La marche à suivre complète est dans notre guide du référencement local et de Google Maps.
Le multilingue, si vous êtes en zone touristique
Centre-ville, quartier historique, bord de mer, proximité d’une gare : si une partie de votre clientèle est étrangère, une version anglaise de la carte et des informations pratiques change le taux de réservation. Ce n’est pas un gadget — c’est souvent la différence entre un groupe qui entre et un groupe qui continue son chemin. À prévoir dès la conception : rajouter une langue après coup coûte plus cher que la prévoir au départ.
Un exemple concret
Nous avons réalisé le site de Chifoumi, café-restaurant-bar à Bordeaux : présentation du lieu, carte, informations pratiques, flux Instagram intégré pour que la page vive sans intervention, et version multilingue pour la clientèle de passage. Le tout dans un design fidèle à l’ambiance de l’établissement, parce qu’un site de restaurant qui ne ressemble pas au lieu rate sa cible. Vous pouvez le voir dans nos réalisations.

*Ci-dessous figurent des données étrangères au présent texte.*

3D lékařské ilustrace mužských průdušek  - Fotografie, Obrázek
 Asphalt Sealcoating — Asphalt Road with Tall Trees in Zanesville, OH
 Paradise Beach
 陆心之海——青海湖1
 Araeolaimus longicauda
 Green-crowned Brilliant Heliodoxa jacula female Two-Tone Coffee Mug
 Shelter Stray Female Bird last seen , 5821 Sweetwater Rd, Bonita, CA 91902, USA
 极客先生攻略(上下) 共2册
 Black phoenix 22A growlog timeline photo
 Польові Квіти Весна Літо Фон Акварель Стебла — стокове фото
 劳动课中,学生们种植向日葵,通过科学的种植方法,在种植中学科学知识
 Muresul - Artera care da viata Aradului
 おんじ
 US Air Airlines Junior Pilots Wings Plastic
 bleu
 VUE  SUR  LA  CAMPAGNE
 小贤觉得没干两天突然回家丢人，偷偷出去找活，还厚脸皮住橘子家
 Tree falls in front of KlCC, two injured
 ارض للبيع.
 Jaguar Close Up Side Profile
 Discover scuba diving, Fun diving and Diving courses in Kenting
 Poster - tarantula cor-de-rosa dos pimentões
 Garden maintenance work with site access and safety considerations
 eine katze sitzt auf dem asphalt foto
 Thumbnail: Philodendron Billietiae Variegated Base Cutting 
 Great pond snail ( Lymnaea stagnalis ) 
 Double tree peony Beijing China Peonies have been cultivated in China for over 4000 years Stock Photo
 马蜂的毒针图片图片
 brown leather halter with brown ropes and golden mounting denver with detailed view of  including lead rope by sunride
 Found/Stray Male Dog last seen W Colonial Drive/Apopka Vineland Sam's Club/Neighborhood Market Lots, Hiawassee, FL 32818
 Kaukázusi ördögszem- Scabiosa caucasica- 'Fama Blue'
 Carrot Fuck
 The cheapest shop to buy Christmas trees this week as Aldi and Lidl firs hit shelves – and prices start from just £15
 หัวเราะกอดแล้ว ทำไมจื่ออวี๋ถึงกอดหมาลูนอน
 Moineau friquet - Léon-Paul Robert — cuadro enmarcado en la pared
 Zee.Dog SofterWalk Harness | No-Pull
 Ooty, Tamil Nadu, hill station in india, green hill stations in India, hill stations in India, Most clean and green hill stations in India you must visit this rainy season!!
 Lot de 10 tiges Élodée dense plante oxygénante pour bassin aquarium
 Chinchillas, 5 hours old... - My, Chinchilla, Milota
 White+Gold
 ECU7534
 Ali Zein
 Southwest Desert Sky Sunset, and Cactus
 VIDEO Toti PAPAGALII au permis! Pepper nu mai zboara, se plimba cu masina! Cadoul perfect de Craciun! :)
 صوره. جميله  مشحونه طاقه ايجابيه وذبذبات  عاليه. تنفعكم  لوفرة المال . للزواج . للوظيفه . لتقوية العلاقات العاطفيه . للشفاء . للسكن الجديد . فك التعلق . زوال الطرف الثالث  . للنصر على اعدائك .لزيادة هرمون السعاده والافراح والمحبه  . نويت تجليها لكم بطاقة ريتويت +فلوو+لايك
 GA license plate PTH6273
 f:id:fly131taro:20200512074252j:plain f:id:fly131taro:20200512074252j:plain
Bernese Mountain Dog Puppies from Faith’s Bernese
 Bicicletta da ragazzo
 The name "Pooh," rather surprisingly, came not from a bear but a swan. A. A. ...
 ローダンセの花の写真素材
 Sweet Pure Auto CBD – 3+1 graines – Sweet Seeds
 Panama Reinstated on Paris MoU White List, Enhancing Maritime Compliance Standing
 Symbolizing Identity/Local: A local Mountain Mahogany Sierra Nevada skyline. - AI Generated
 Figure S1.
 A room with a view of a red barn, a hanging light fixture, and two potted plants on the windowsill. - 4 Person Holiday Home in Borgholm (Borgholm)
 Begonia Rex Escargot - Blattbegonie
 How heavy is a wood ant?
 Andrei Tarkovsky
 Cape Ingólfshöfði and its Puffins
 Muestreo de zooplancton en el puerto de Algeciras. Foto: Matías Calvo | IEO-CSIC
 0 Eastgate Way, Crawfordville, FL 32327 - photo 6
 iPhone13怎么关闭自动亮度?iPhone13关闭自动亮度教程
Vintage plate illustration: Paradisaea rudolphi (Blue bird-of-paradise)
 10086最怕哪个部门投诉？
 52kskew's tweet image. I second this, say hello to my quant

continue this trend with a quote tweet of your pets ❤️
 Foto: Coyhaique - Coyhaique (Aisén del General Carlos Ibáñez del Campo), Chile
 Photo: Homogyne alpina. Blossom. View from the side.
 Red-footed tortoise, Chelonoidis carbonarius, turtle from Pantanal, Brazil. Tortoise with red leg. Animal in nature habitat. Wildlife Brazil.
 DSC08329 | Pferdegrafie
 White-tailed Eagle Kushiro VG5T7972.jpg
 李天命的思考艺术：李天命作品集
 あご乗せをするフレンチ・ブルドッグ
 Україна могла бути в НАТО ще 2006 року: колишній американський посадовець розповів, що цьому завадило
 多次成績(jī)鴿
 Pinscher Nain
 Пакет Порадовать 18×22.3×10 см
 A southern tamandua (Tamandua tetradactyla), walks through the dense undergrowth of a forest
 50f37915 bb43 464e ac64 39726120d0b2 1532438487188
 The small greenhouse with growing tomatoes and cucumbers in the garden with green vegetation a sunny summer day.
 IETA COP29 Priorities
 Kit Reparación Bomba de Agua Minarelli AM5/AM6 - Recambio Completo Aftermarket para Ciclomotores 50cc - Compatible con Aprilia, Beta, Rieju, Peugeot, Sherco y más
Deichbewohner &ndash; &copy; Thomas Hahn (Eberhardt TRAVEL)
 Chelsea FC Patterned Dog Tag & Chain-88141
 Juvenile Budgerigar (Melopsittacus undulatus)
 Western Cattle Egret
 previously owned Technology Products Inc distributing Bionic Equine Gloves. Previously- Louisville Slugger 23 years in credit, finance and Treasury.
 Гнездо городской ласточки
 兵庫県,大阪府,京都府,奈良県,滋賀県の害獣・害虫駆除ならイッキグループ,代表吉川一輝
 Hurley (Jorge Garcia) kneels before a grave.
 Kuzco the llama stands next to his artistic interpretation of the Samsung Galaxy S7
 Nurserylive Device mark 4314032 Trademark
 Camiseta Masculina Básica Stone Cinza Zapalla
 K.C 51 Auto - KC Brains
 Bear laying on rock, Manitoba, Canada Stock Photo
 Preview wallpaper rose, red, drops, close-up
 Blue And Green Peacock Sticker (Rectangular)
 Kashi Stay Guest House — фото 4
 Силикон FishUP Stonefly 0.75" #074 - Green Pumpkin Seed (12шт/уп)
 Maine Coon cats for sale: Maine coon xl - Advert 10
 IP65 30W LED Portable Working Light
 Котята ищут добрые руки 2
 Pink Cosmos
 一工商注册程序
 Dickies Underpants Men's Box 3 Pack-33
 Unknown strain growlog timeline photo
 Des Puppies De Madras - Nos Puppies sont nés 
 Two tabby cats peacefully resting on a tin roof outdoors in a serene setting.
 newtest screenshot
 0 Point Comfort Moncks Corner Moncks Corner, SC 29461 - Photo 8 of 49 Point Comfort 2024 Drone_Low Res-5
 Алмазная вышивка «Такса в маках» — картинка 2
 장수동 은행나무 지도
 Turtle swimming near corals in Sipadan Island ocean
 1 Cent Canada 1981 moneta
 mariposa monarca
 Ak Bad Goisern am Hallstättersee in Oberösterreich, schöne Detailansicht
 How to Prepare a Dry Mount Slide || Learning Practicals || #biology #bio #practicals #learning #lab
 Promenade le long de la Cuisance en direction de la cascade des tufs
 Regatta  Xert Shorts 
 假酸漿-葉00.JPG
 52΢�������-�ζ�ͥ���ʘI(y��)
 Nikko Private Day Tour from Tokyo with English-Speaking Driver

Combien ça coûte, et en combien de temps ?
Un site vitrine de restaurant — accueil, carte, photos, informations pratiques, contact — se situe généralement entre 690 € et 2 500 €. Ce qui fait monter le budget : le module de réservation, le multilingue, le click & collect, et le nombre de pages. Chez Eazy Green, il démarre à 690 € HT, avec hébergement, nom de domaine, certificat SSL et maintenance inclus, et il est en ligne à partir de 7 jours une fois vos photos et vos textes prêts.
Les fourchettes détaillées, les coûts récurrents et la façon de comparer deux devis sont dans notre guide combien coûte un site web pour une PME ; les délais réels sont détaillés dans combien de temps pour créer un site.
Questions fréquentes
Un restaurant a-t-il vraiment besoin d’un site internet ?
Oui : c’est le seul canal que vous possédez, le seul sans commission, et le seul où vous décidez de ce que voit le client.
Faut-il mettre sa carte en PDF ?
Non. Une page web en texte se lit mieux sur mobile, se met à jour en deux minutes et vous fait sortir sur les recherches de plats.
Réservation sur son site ou via une plateforme ?
Les deux : la plateforme pour être découvert, votre site pour encaisser sans commission les clients qui vous connaissent déjà.
Combien coûte un site internet pour un restaurant ?
Entre 690 € et 2 500 € selon les fonctionnalités. Chez Eazy Green, dès 690 € HT, maintenance incluse.
Comment apparaître sur Google Maps ?
Fiche Google Business complète, avis récoltés en continu, et un site dont les horaires et coordonnées sont identiques à ceux de la fiche.